Es verdad, en el original en español no hay la más mínima alusión a que algo vuelva a empezar, más bien se dice que empieza una cosa totalmente nueva, ahora comprendo mejor. Entonces sí creo que el equivalente en italiano sería: "partire da capo" o "iniziare da zero", sin esos "re" que yo he utilizado antes en mi respuesta anterior. Saludos!


----------



## Angel.Aura

Massimo_m said:


> Per rendere meglio il senso dell'espressione spagnola, anche se in modo meno letterale, forse si potrebbe dire_ "Ancora tutto da fare" _


Per me è la soluzione migliore.
Non c'entra nulla il voltare pagina o il ricominciare. Semplicemente il concetto è che non c'è nulla di pronto e che c'è da fare ogni cosa.


----------



## honeyheart

Angel.Aura said:


> _"Ancora tutto da fare" _


Y "tutto ancora *da essere fatto*", ¿sería incorrecto? Porque me parece que así se transmite la idea del original un poquito mejor.


----------



## Massimo_m

honeyheart said:


> Y "tutto ancora *da essere fatto*", ¿sería incorrecto? Porque me parece que así se transmite la idea del original un poquito mejor.
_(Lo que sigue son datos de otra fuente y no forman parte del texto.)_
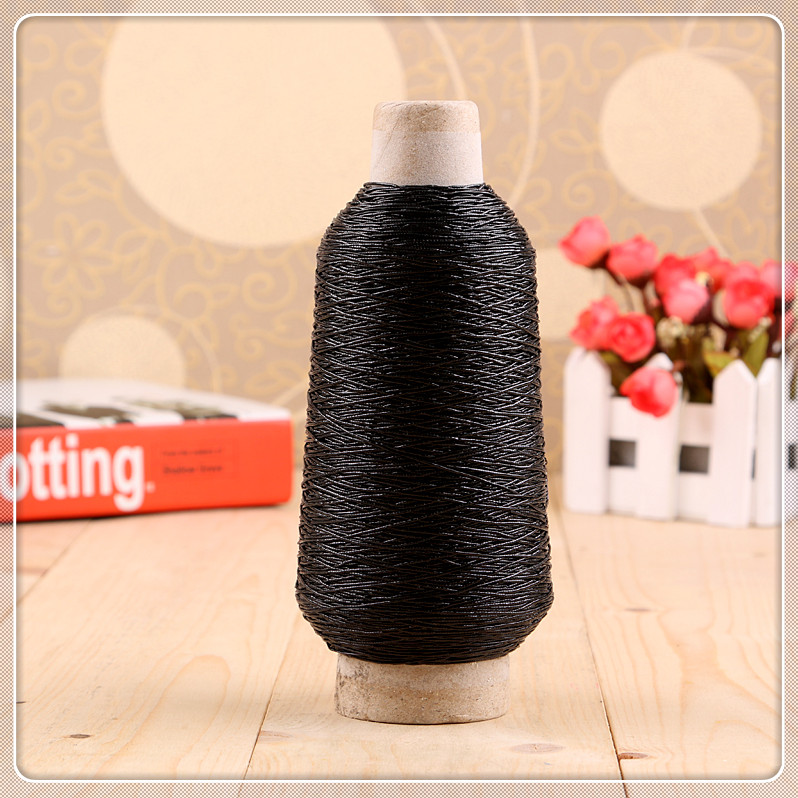 Hardcover bead elastic line wear - resistant imported string beads wear diy jewelry bracelet elastic line
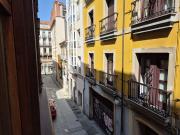 Apartamento en venta en Gijón, Asturias Costa Verde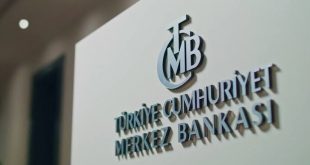 Merkez Bankasından yıl sonu dolar beklentisi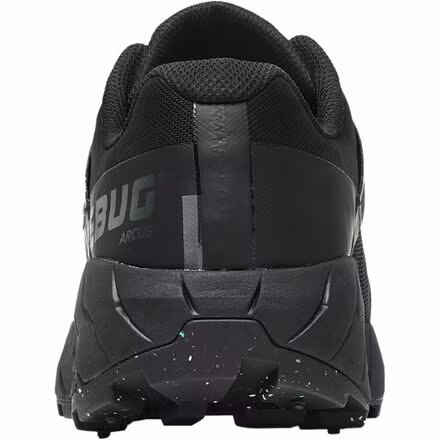 Arcus BUGrip GTX Running Shoe - Women's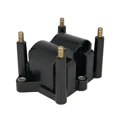 thumbnail image 1 of Bobinas de encendido for Chery Qq Qq3 Qq6 Fulwin Qiyun 1.1L 1.2L 472 6371 6776 Motor 4 cilindros OEM: 01R4-3059-X01 01R43059X01, 1 of 5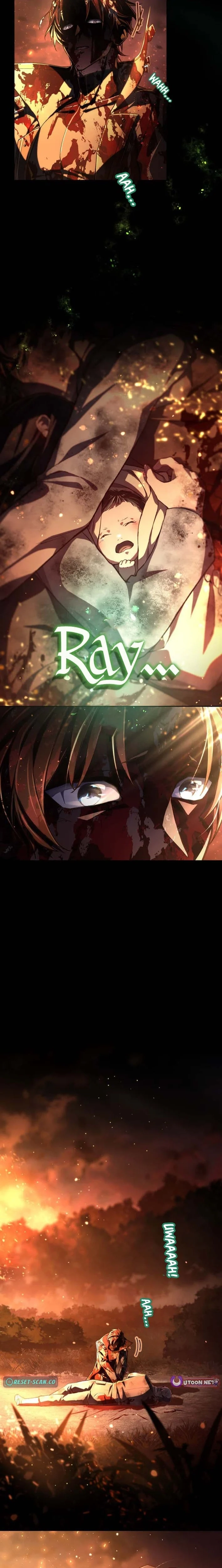  Chapter 1 page 13 - 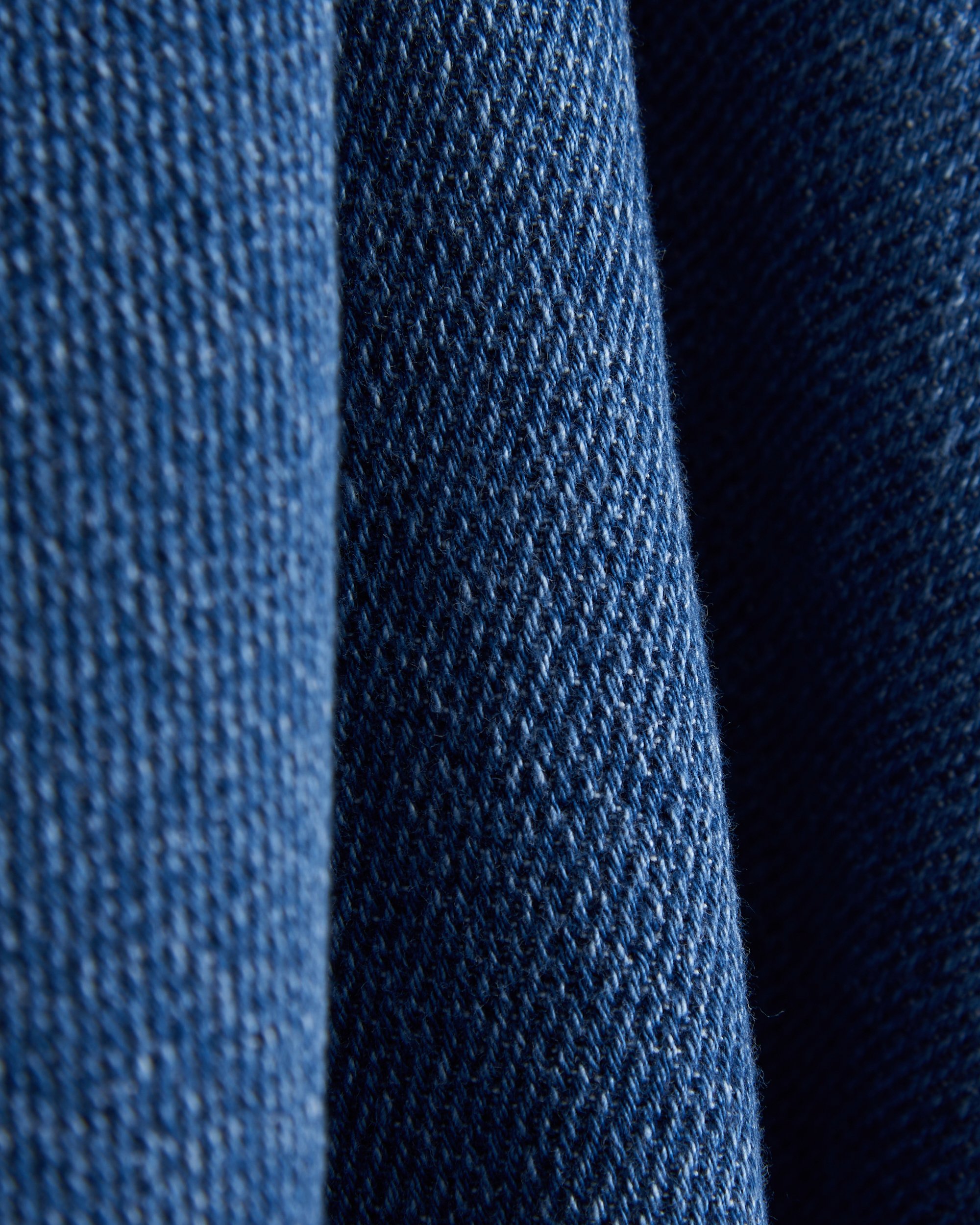 Nike x Drake NOCTA Opal Relaxed Men's Overshirt Blue FZ3260-486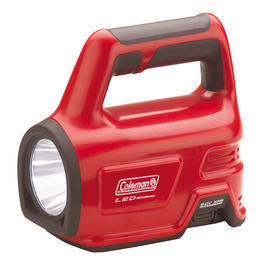 Coleman LED Lampe CPX6 Heavy Duty Flashlight&nbsp;172 Lumen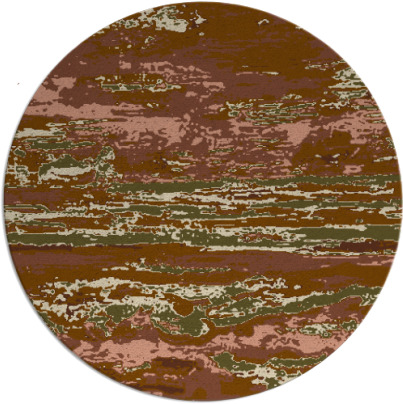 tidewater rug - item 1315252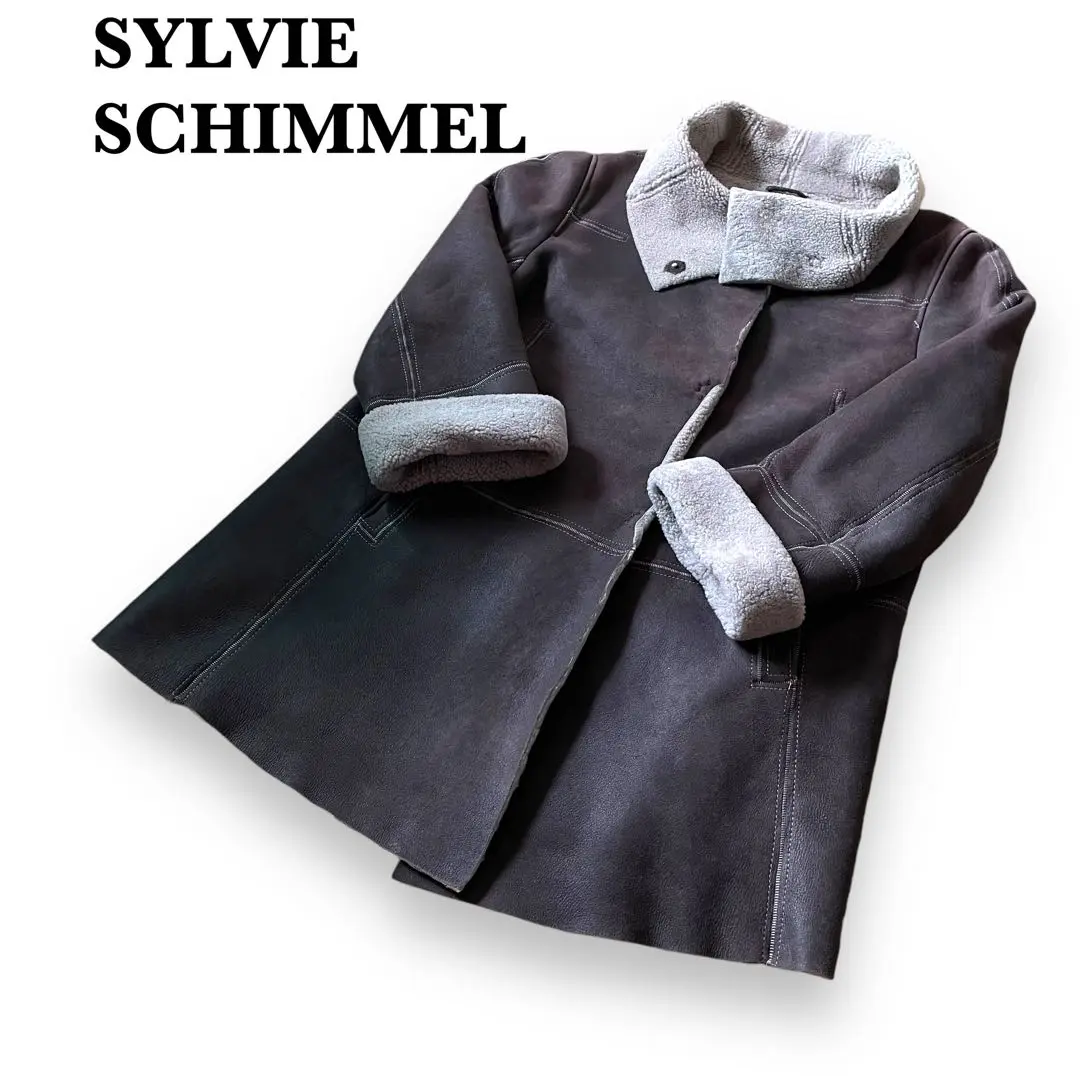 2025年最新】sylvie schimmelの人気アイテム - メルカリ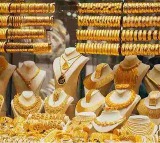 gold price record breaking rise india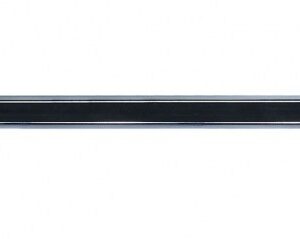 3AXIS ALU BANKSTICK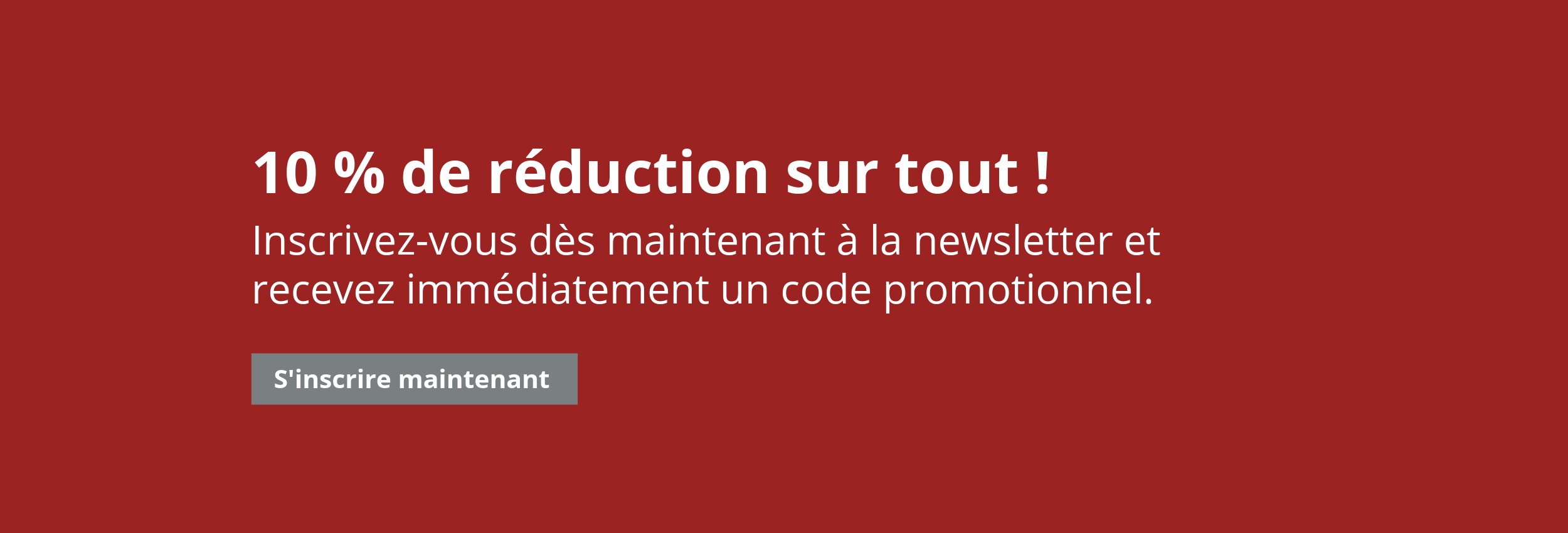 menzer shop newsletter 2500x850px-3 (1)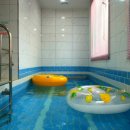 빈체로온수풀빌라 이미지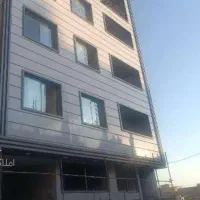 آپارتمان 140متر فاز1کوی بهداری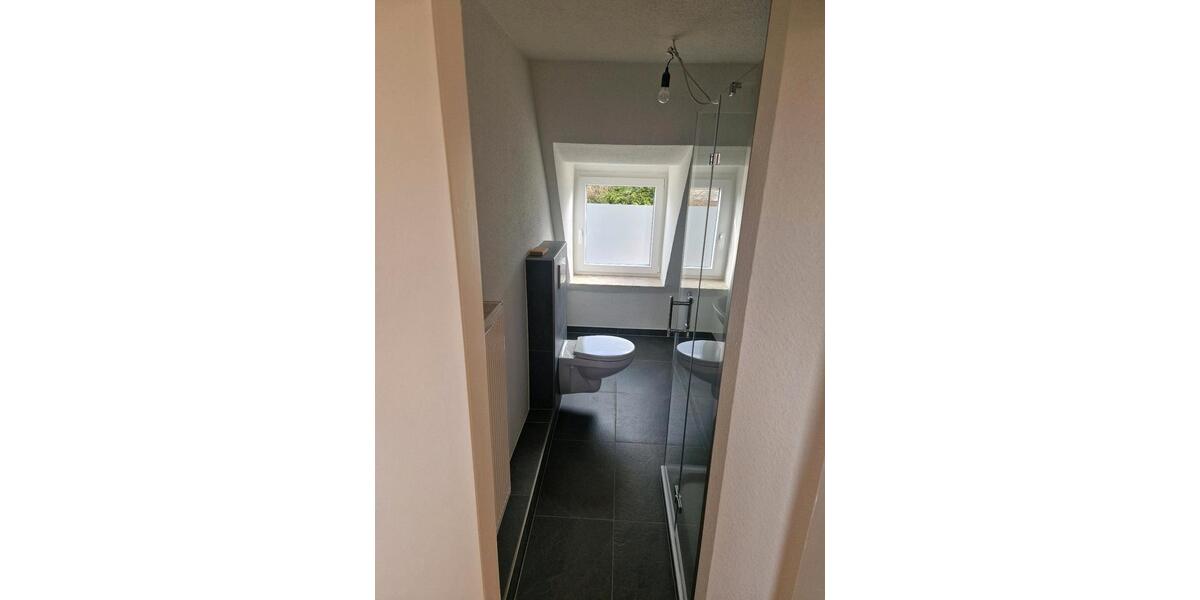Etagenwohnung Bordelum - 2 Zimmer, 78 m&sup2;, 780&euro; | Angebot:25284097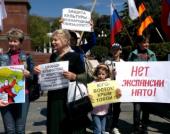 ���� ������������ ��������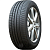 Шины Kapsen HeadKing S2000 235/50 R18 101W XL 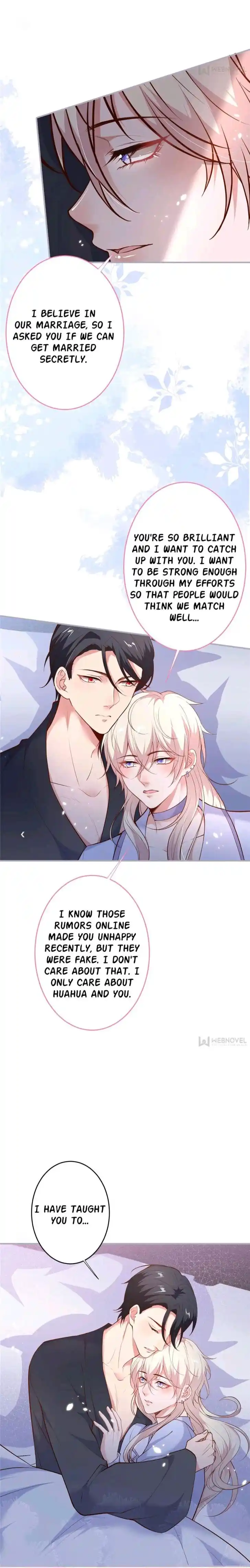 Zhiming Yangqi Ch.159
No, in italiano non è corretto dire "da essere fatto". Si potrebbe dire "Tutto ancora dev'essere fatto", ma a questa formulazione tutto sommato continuo a preferire "Ancora tutto da fare", più secca ed efficace. 
Mi piace molto anche la formulazione "Carta bianca", suggerita da Pepes, che senz'altro rappresenta bene il concetto che si vuol tradurre.
Massimo


----------



## chlapec

Alternativamente (interpretazione molto libera): *Una pagina in bianco*.


----------



## Larroja

A me invece piace questa: 


Neuromante said:


> "Partire da capo"


----------



## honeyheart

Massimo_m said:


> No, in italiano non è corretto dire "da essere fatto".


Lo descarto, entonces; gracias por tu respuesta, Massimo.


----------



## Massimo_m

honeyheart said:


> Lo descarto, entonces; gracias por tu respuesta, Massimo.


Figurati, è un piacere  .


----------